Una responsabilità prepararlo, un dovere eseguirlo a regola d’arte. Soprattutto senza lasciarsi disturbare dalle mode del momento.
“È molto più semplice preparare un dolce nuovo, partendo da zero, anziché ripetere qualcosa che è già praticamente un simbolo. Tradizione pura, per quanto mi riguarda, tutto deve essere fatto al meglio. In questo caso, non sono ammesse interpretazioni, ma solo accorgimenti nel metodo. La tecnica certamente evolve, ma va spesa a beneficio del gusto e della digeribilità del prodotto. Si possono prevedere varianti nei ripieni, il consumatore di oggi lo richiede, ma la versione classica devi proporla senza punto di vista. Perfetta e pulita nella sua identità.”
Quindi ripieno di crema pasticciera e amarene?
“Sì, il tutto profumato di limone. Meglio se ischitano, sull’isola abbiamo limoni magnifici. Tradizionalmente, di ripieno se ne inserisce poco e prima della cottura. In forno, quasi si fonde con l’impasto e diventa un tutt’uno.”
Arriviamo ai premi. Panettone World Championship. All’improvviso sei finito sotto i riflettori battendo molti soliti noti. Che cos’ha di speciale il tuo?
“Lasciami dire che è stata una soddisfazione immensa e contemporaneamente una grande responsabilità. Non conto più le prove fatte negli anni, in più c’è la preparazione dei canditi con materie prime locali, il miele che aggiungo all’impasto. Ovviamente la tecnica che è sempre migliorabile, a favore di una lievitazione non semplice. Cerco di fare attenzione a ogni dettaglio, ma se devo confessarti qual è l’ingrediente segreto, mi viene in mente l’amore. Suona retorico, ma senza di lui è inutile anche solo provarci.”
E quest’anno hai vinto con la Pastiera, consacrata come la migliore d’Italia nell’ambito della competizione “Regina Pastiera”.

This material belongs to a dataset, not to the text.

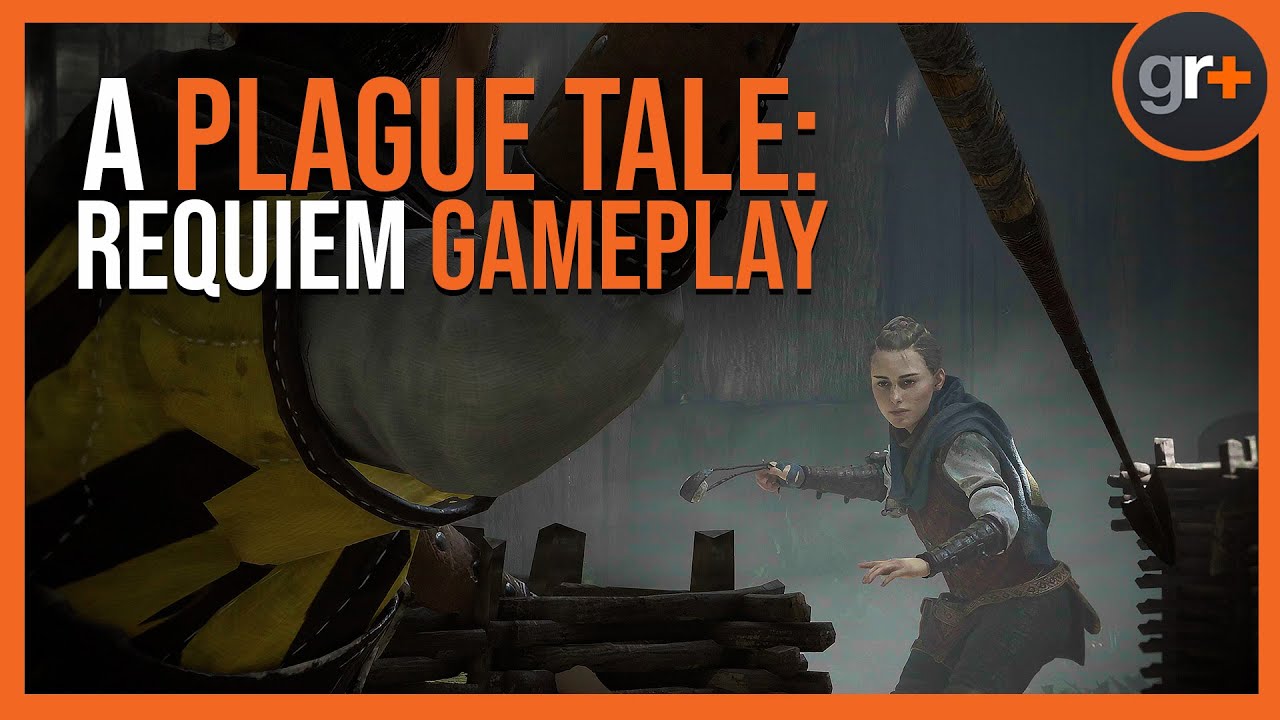 A Plague Tale: Requiem - Hands-On Preview exclusivo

“Anche lì c’è stato un lavoro di recupero della tradizione, con quegli accorgimenti che ad un certo punto devono fare la differenza. La pasta frolla la preparo con il burro, lo preferisco allo strutto per una questione di sapore. Per l’interno, a parte il grano, faccio un misto di ricotta di pecora e di mucca e, prossimamente, conto di sperimentare qualcosa con quella di bufala, molto saporita. Per il ripieno, annosa querelle tra chi mette un po’ di crema pasticciera e chi no. Io la metto, mi piace la sua cremosità. A parte questo, della pastiera contano molto le attese. Sapori che devono definirsi, consistenze varie. Guai ad avere fretta, cottura compresa. Lenta e senza mai eccedere nella temperatura. Te l’ho detto, no? Ci vuole amore.”